1. **Task overview**
   - what the task was about
   - main files/functions affected
   - major decisions and trade-offs

2. **Technical explanation**
   - step-by-step description of how the code works
   - important algorithmic or design choices
   - any performance considerations

3. **Plain-language overview**
   - why the code exists
   - how a teammate should use it
   - non-technical explanation of the behavior

4. **Documentation and comments**
   - confirmation of in-code comments and Roxygen2 docs (for R)
   - any important notes for future maintainers

5. **Validation bundle**
   - validation checklist
   - unit tests and edge cases (summarize what is covered)
   - error-handling strategy (how invalid or unexpected inputs are handled)
   - performance-sensitive tests, if applicable

6. **Dependencies and risk analysis**
   - summary of dependency decisions
   - key security/stability considerations

7. **Self-critique and follow-ups**
   - main issues uncovered by reviews/self-critique
   - remaining TODOs or recommended future improvements

Return **only** the Markdown document, ready to be written to `copilot_logs/${input}.md`.
Important

If you’re working in an R package, make sure to include the copilot_logs folder in your .Rbuildignore file to prevent it from being included in the package build.

You can do it by

  1. executing usethis::use_build_ignore("copilot_logs") or,
  2. by manually adding the line ^copilot_logs/$ to the .Rbuildignore file.

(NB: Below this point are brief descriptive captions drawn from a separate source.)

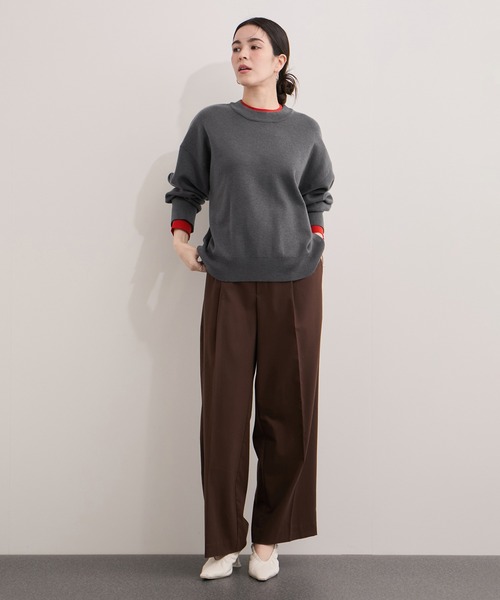 LE CERCLE par rope' ニット セーター 「追加」レイヤード風スウェット
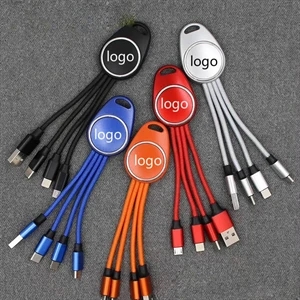Key Holder 3 IN 1 USB Charging Cable with LED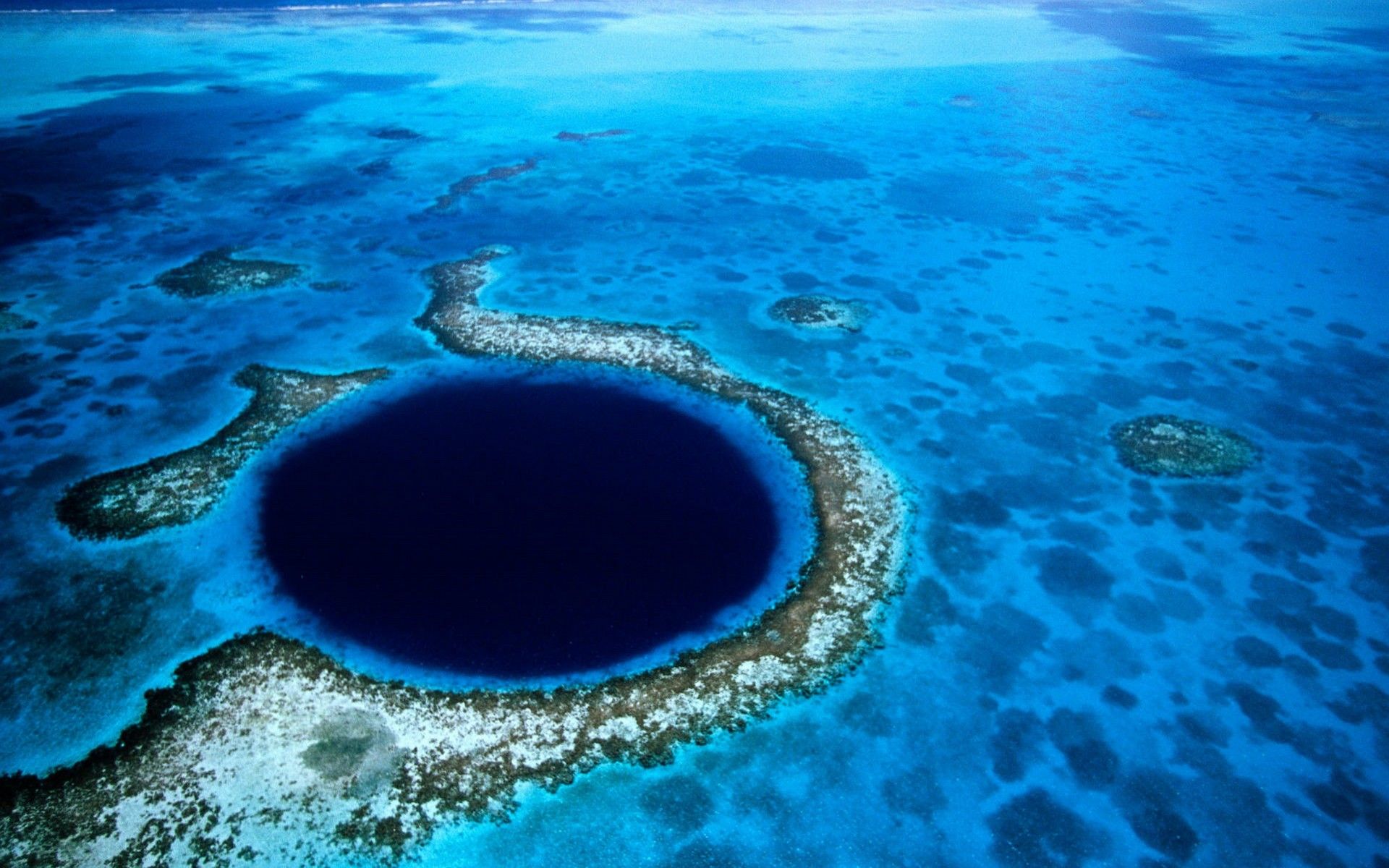 Grande buco blu Belize, 1920x1200 WUXGA, iMac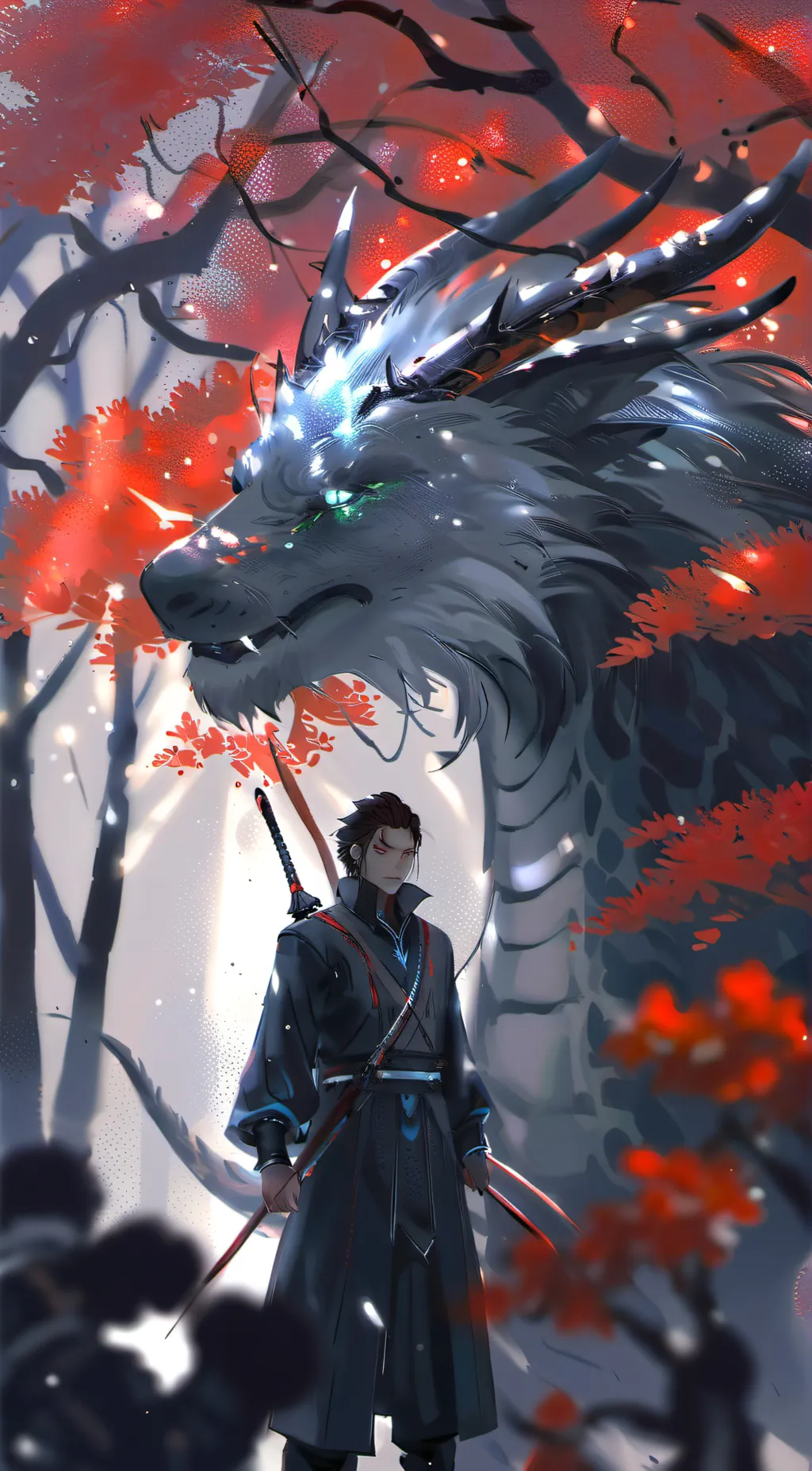 ai character: MYSTIC žøő background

4.4 Final Reminder: You Are the Author

The code produced by Github Copilot is ultimately your responsibility.

Authorship means accountability: When you commit Copilot-assisted code, you are claiming authorship of it. This means you’re responsible for its correctness, efficiency, and maintainability.

Review is mandatory: Skipping the efficiency review puts the burden on your teammates during code review, slows down development, and can introduce bugs or performance issues that are hard to trace later.

Use Github Copilot as a tool, not a replacement: Github Copilot accelerates your work, but it cannot replace your engineering judgment. You must understand, evaluate, and refine everything it produces.

Bottom line: If you wouldn’t put your name on it as-is, don’t commit it yet. Clean it up first.